Danny Allen, 1972. A detail of a newly surfaced watercolor from the collection of Eva Weiss. The full image is inset as the subject material might not otherwise get past the “thought police.”
Previously undocumented artwork by Danny Allen keeps surfacing. Much of it is very psychological in nature, more often than not, focusing on gender identity. This particular watercolor is of a hydrocephalic drag queen with one club foot. It’s a troubling image to say the least.
Back when I was living with Dan, there was a limited theatrical release of the 1932 horror film classic, Freaks. Dan was influenced by that film.

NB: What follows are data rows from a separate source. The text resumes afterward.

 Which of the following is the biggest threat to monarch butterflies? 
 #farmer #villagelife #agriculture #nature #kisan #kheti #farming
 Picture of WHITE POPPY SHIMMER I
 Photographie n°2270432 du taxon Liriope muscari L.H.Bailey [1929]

Most of the characters in the movie were real-life individuals with birth defects and various abnormalities that made the more physically fortunate among us extremely uncomfortable–which to some degree was the point. For some reason that film resonated with Dan and his fascination with all that is outside of our collective comfort zone.

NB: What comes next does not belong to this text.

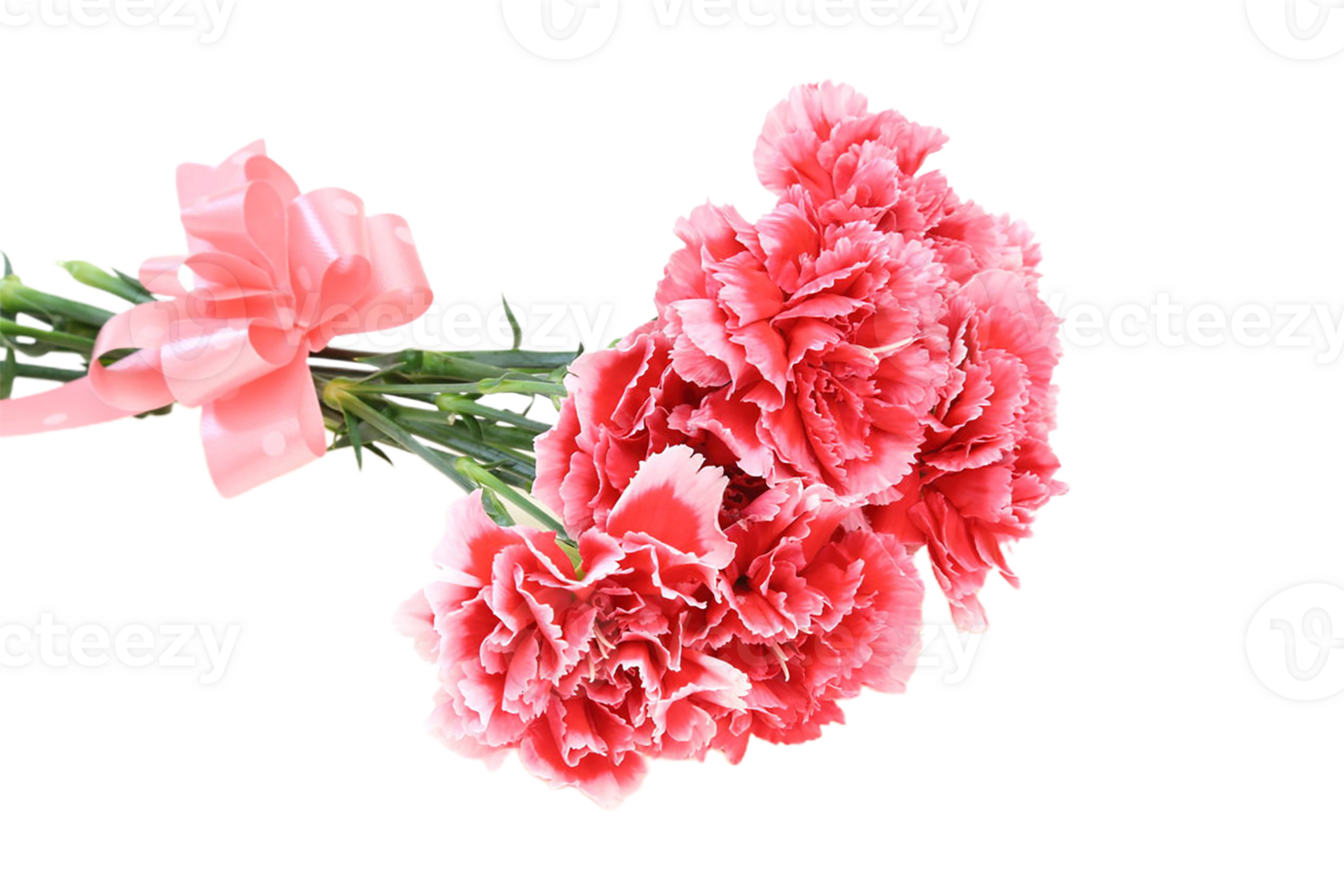 carnation flower png transparent background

One “freak” image already in the book depicts a pregnant man with an erection, and a bearded man/woman in a bikini. They appear to be playing ‘doctor’ as the figure to the viewer’s right is handing two pomegranates to the pregnant male/female figure to the left. Strawberries are floating on the wallpaper above the wainscoting behind the couple. There was green wainscoting in our first apartment with strawberries on fabric covering the walls in our the bathroom. To call the pieces in this post “unusual” is to employ understatement to the extreme.

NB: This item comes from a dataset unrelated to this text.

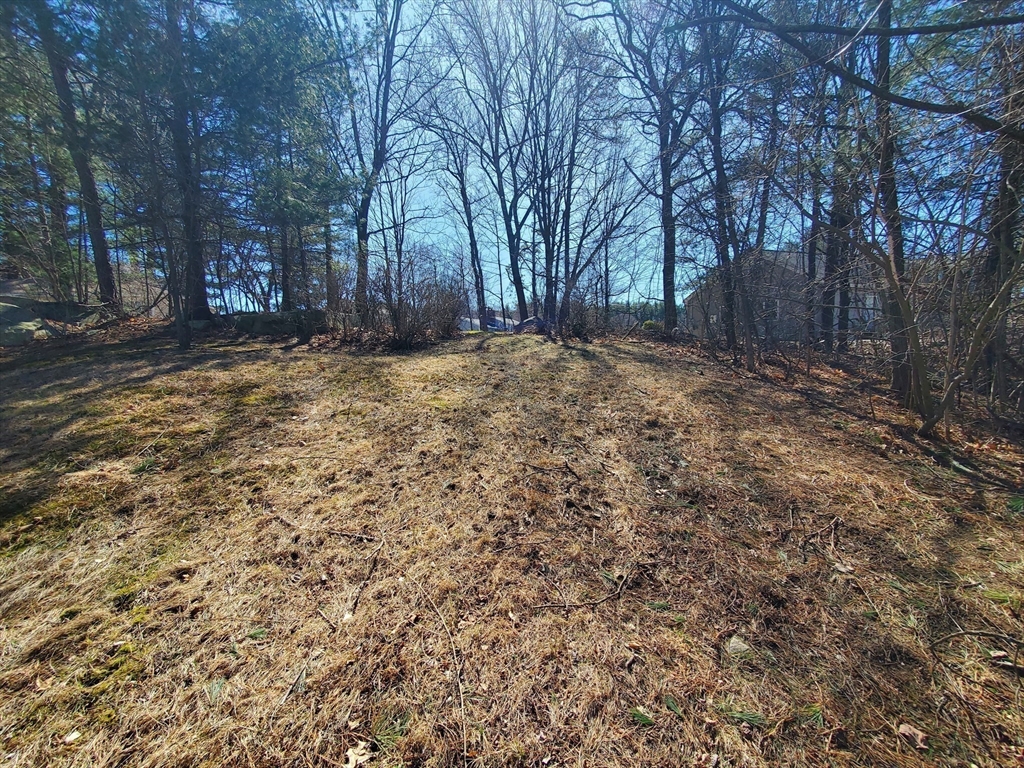 9 Michelle, Nashua, New Hampshire, ,Land,For Sale,Michelle,73368735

Another example of the “freak” series was located after the book went to press. This example shows a pair of Siamese twins in a polka dot bikini for two. The sisters are attached at the hip and the hairstyle.
I can only speculate about how the invention of these unusual figures resonated with Dan and his feelings of disenfranchisement. I believe Danny had very low self-esteem and identified with the outsiders he chose to conjure-up from his imagination. It’s only my opinion, as we’ll never know for sure, but I believe Dan felt profoundly out of place and misunderstood–bouncing back and forth from the bizarre to the beautiful and expressing it through his art.